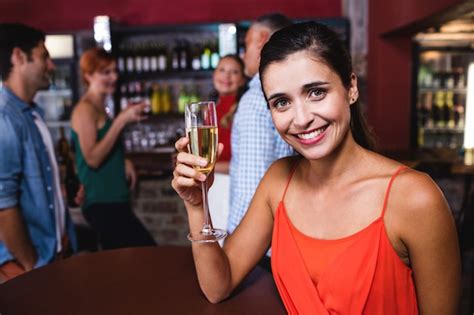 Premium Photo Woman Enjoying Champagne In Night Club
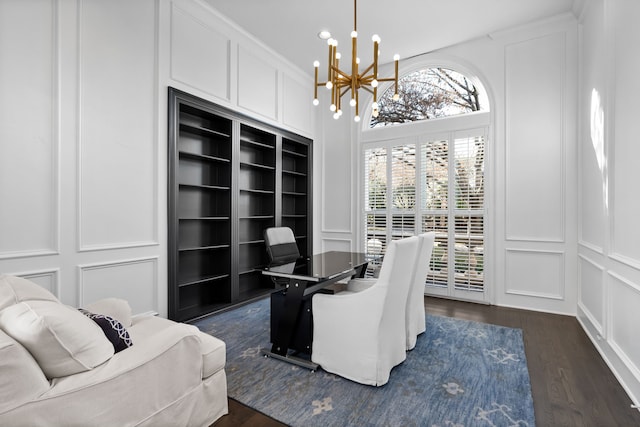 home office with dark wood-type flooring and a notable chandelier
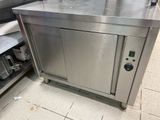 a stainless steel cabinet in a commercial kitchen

...

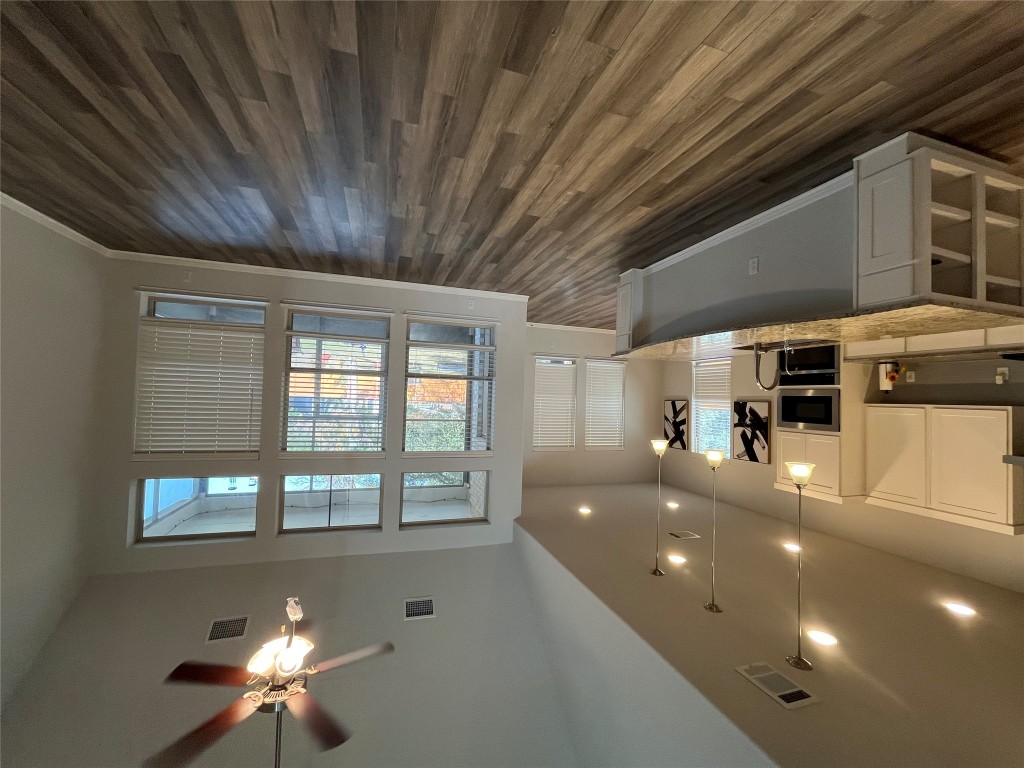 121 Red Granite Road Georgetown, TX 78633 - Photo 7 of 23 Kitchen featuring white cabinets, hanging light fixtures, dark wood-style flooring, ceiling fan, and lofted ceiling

---

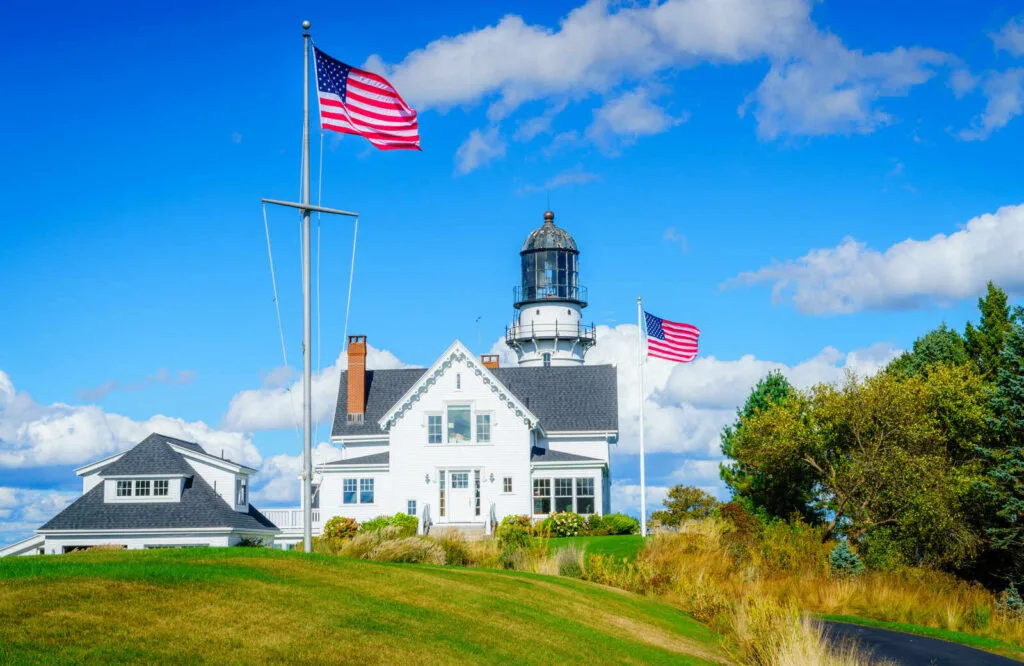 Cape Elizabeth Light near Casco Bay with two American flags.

ASSIGNMENT ::
In the listing above, find the line containing "Premium Photo Woman" and the line containing "a stainless steel", then output those two lines and everything between them exactly as written, without the images.

ANSWER TO THIS EXERCISE ::
 Premium Photo Woman Enjoying Champagne In Night Club
 home office with dark wood-type flooring and a notable chandelier
 a stainless steel cabinet in a commercial kitchen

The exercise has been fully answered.